From: "andrew cooke" <andrew@...>

Date: Mon, 28 Jul 2008 20:36:24 -0400 (CLT)

I wrote the following code to simulate (perhaps not exactly) the memory
loads that would occur using CUDA if the data were processed using a
tiling that overlaps (so something like the Matrix example, but with
leaking across the boundaries of the box - perhaps for convolving with a
kernel, for example, or, as in my case, calculating "life").

Using the approach shown in the code (large integer types and a single
overlap) is inefficient because (at least for CUDA 1.0 ad 1.1) the reads
cannot be coalesced - either the half weft is the wrong width, or the
shift (which is less than the half-weft to allow for overlapping) is
wrong.

I'm going to see now if using a smaller integer type and overlapping a
whole half-weft makes more sense (sounds crazy, but might work...).

Andrew


(these is just the core block to give some idea of what's happening)

// run through each tile position
int count = 0;
for (int j = 0; j < nY; j++) {
    for (int i = 0; i < nX; i++) {
        // for each tile, run through the half-warps
        for (int k = 0; k < nHalfWarps; k++) {
            for (int l = 0; l < halfWarp; l++) {
                int localOffset = k * halfWarpWidth + l * word;
                int localX = localOffset % windowX;
                int localY = localOffset / windowX;
                int globalX = i * strideX + localX;
                int globalY = j * strideY + localY;
                int globalOffset = globalY * (*paddedX) + globalX;
                int segStart = globalOffset / segment;
                int segEnd =                                        \
                    (globalOffset + halfWarpWidth - word) / segment;

                if (prop.minor < 2) {
                    // 1.0 and 1.1 are really strict about what will
                    // be coalesced.
                    if (segStart == segEnd) {
                        count = count + 1;
                    } else {
                        count = count + halfWarp;
                    }
                } else {
                    // 1.2 is more lenient and simply groups as
                    // necessary
                    count = count + segEnd - segStart + 1;
                }
            }
        }
    }
}


And the output:

Loads for 1234,1234 using  184,  20 stepping  176,  19
8 bytes/word; 128 segments; 16 half-warp
Best count 3180010 for 184, 20 over 1240,1236

See how the stepping here is 8 bytes in 8 because I used 8 byte ints (even
though I only need 1 bit overlap)

The total number of theeads per block would be 184*20/8 = 460.

Better Code + Numbers

From: "andrew cooke" <andrew@...>

Date: Mon, 28 Jul 2008 21:45:23 -0400 (CLT)

There were a fair number of bugs in teh code above.  Not sure I have it
right yet, but I seem to be getting numbers that make more sense.
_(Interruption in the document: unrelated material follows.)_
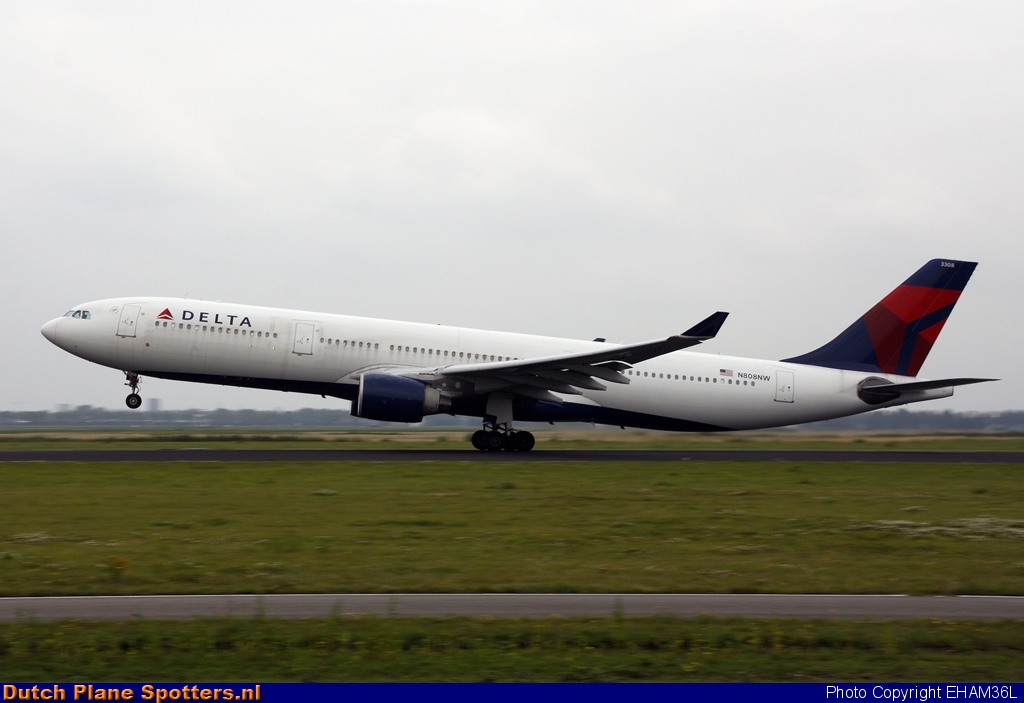 N808NW Airbus A330-300 Delta Airlines by EHAM36L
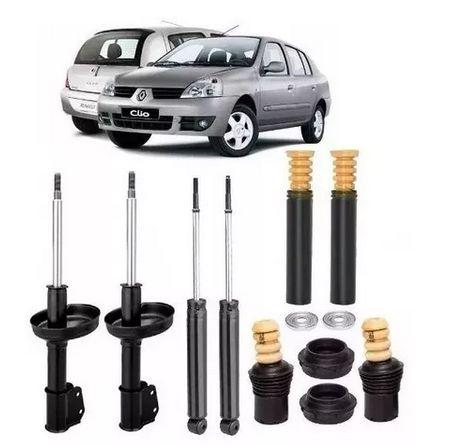 Amortecedor Dianteiro/Traseiro Renault Clio 1.0 1999/2011 + Kit ...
So, the possible tactics are:

1 - Use a large integer and overlap only as little as possible.
2 - Use a small integer and overlap by a whole segment
3 - Use a large integer and overlap by a whole segment

For a "very large" (ie each dimension significantly larger than the
largest possible tile dimension) data area, searching only over the
largest tiles (ie given X, calculate Y from memory limitations etc) the
relative numbers of memory loads (smaller the better) are:

1 - 10
2 - 2
3 - 1

So it's clearly better to overlap by a whole segment, even though more
memory is "thrown away" (as expected).  The relative speeds for the two
integer sizes just reflects the sizes themselves (4 v 8 bytes).  Since
larger integers load more slowly this may not be significant.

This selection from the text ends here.